Housebuilding crisis rocks Khan’s reign as affordable home plunge 88%

Affordable housebuilding in London has plummeted a staggering 88% over the past year, leaving Mayor Sadiq Khan under fire for failing to deliver on his promises to tackle the capital’s housing crisis.

City AM reports that according to the Office for National Statistics (ONS), just 3,100 affordable homes were started between April 2023 and March 2024, a dramatic drop from 26,386 the previous year.
Shockingly, some boroughs, including Harrow and Bexley, managed to kick off just one affordable home each during the entire year.

Khan’s much-touted plan to build 35,000 affordable homes by 2026 using a £4.82bn government grant is now in tatters, with less than 10% of that target achieved. Former housing minister Lee Rowley slammed the mayor’s performance, branding it woefully inadequate for a city desperately needing new homes.

SHIFTING BLAME

In response, Khan has shifted blame to “Tory town halls” and what he calls 13 years of “government failure” on housing.

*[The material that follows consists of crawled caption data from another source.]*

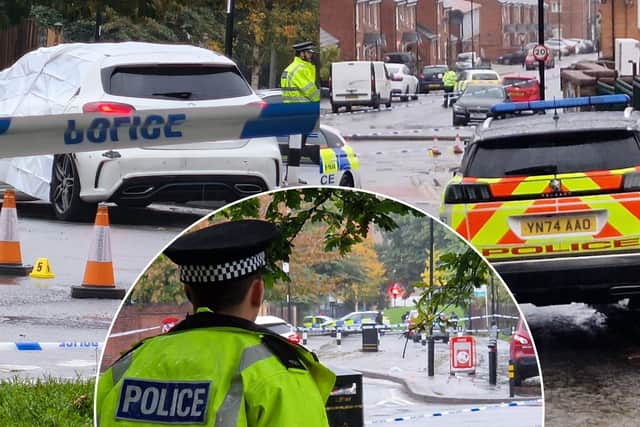 Murder probe launched after man, 32, shot dead in Sheffield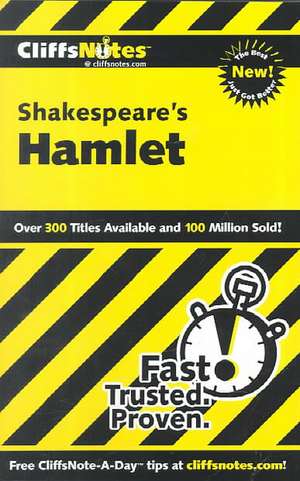 CliffsNotes on Shakespeare's Hamlet de Carla Lynn Stockton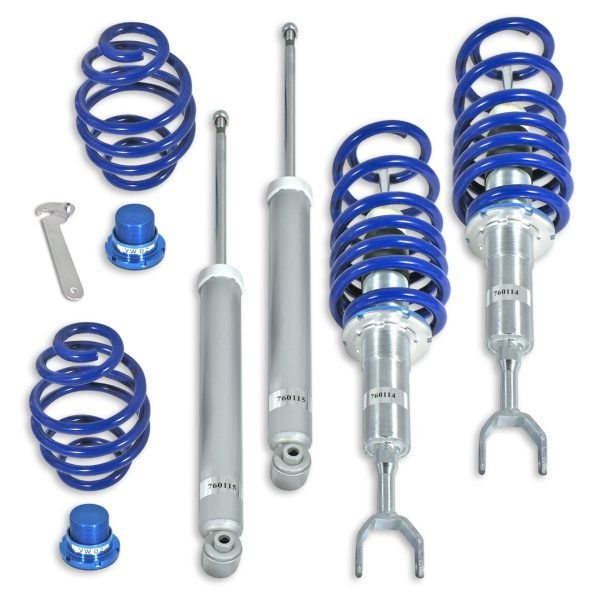 BlueLine Coilover Kit suitable for Skoda Superb (3U) - Slika 2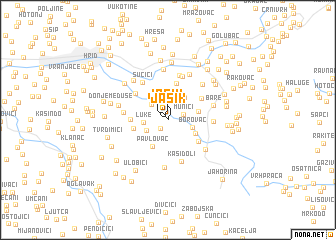 map of Jasik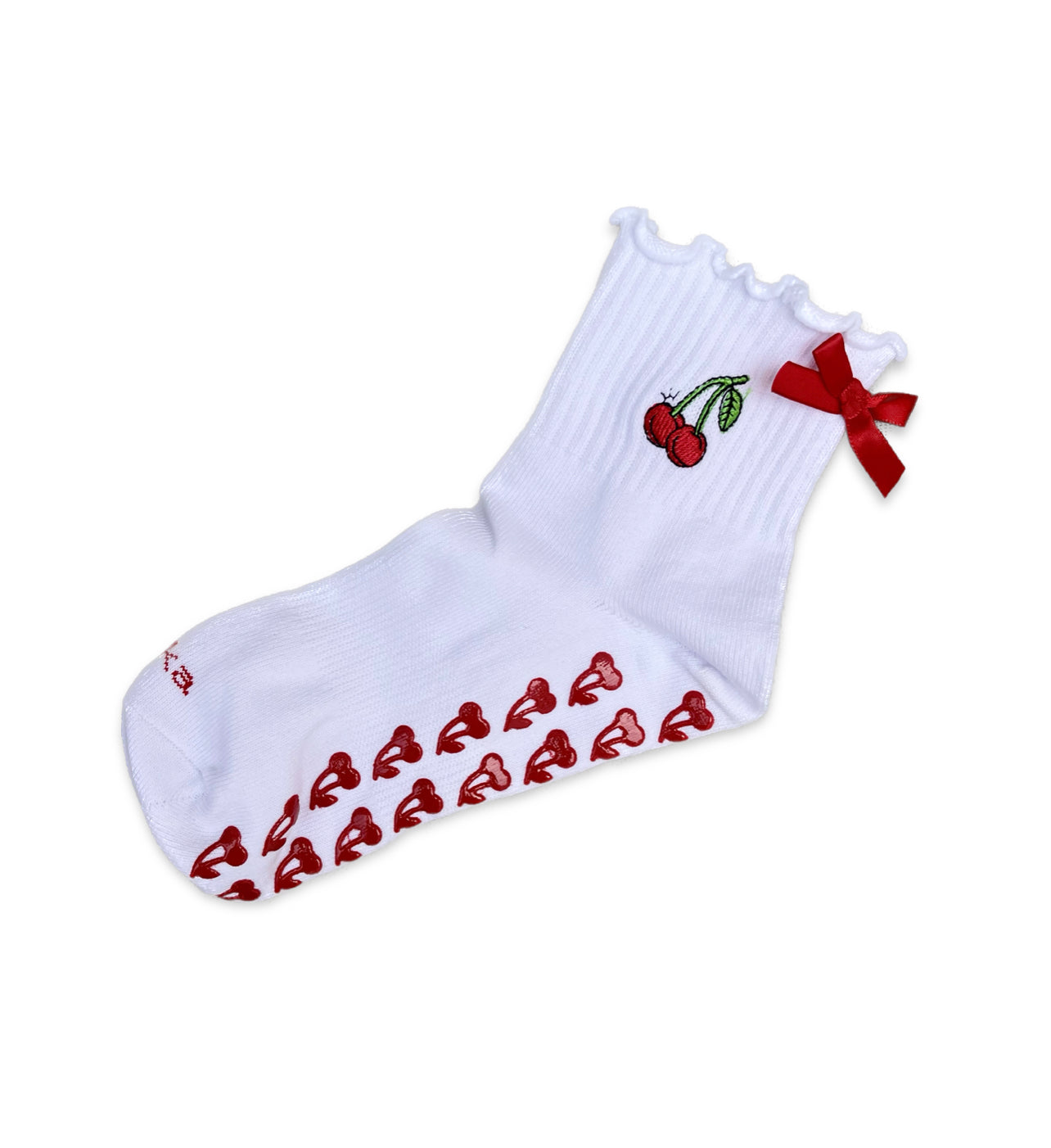 Cherry Grip Socks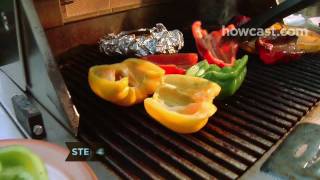 How to Make Grilled Bell Peppers [upl. by West]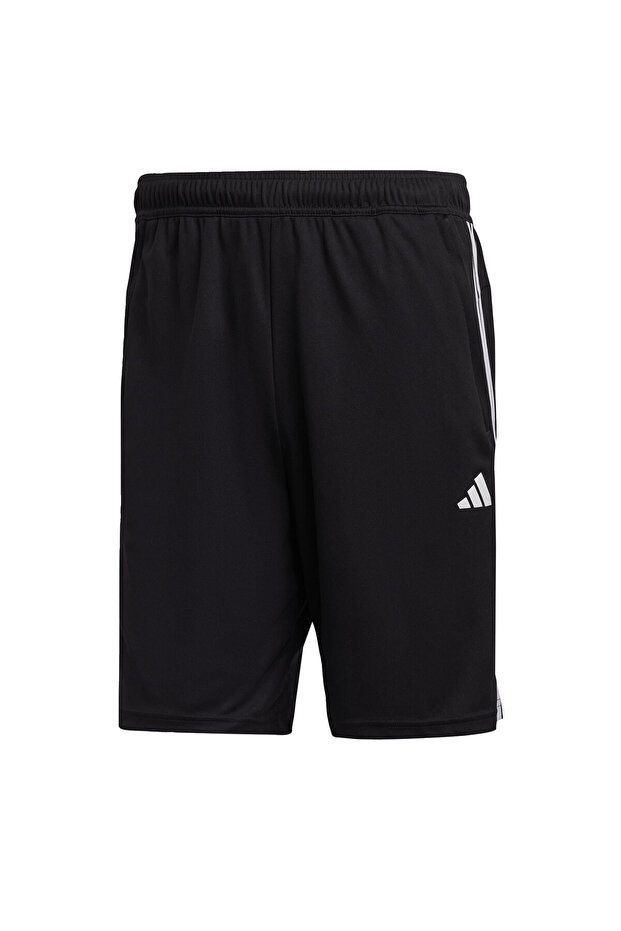 Train Essentials Piqué 3-Stripes Training Şortu - 7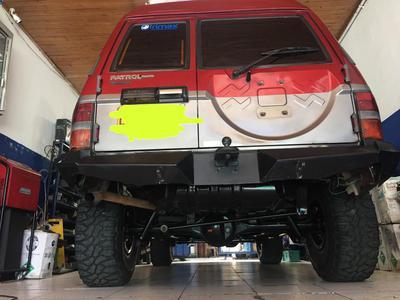 Nissan Patrol • 1996 • 260,900 km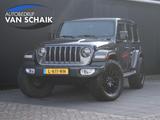 Jeep Wrangler Unlimited 2.0T Sahara SKY ONE | LEDER | - Jeep Wrangler: Cabrio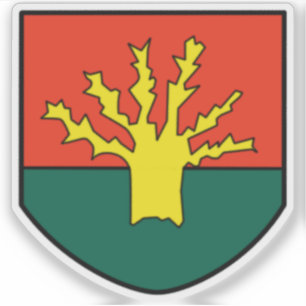Wappen von Koudougou, Burkina Faso Aufkleber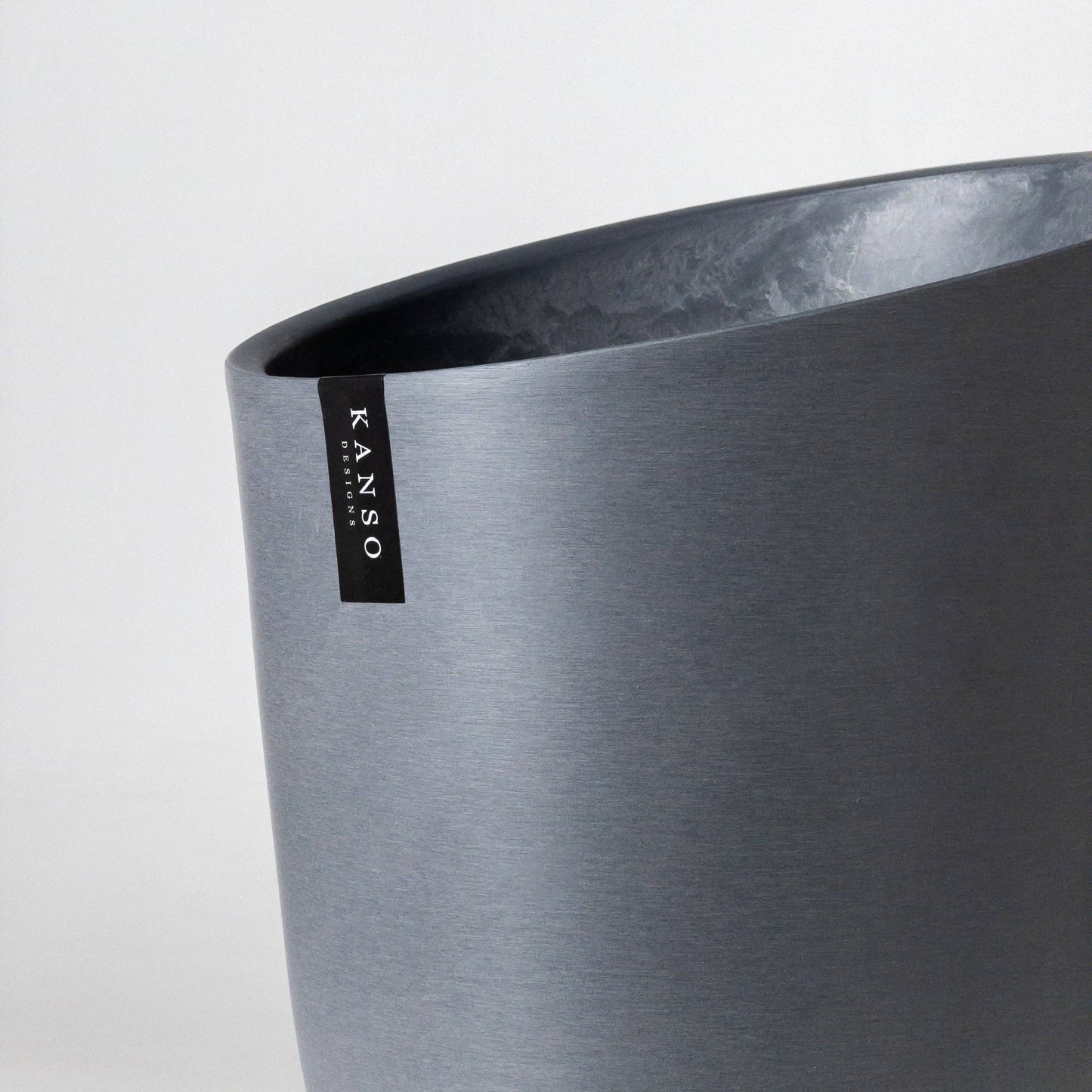 11" Funnel Tall Planter Pot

“The Conservatives nationally have scrapped housing targets, and Tory councils in London are failing to deliver,” Khan claimed earlier this year.

But critics say excuses won’t build homes.

FIX RED TAPE
Jonathan Seager
Jonathan Seager, BusinessLDN

BusinessLDN’s Jonathan Seager has highlighted the need to fix red tape around section 106 agreements, which leave many housing projects stuck in limbo.

Meanwhile, the government has promised a £5bn boost to housing, including £500m for affordable homes, alongside new planning reforms and skills training.

A Ministry for Housing, Communities and Local Government spokesperson, says: “This shocking decline shows the crisis we’ve inherited.

“We’re stepping up to deliver the biggest social housing surge in decades and working closely with the Mayor to get homes built.”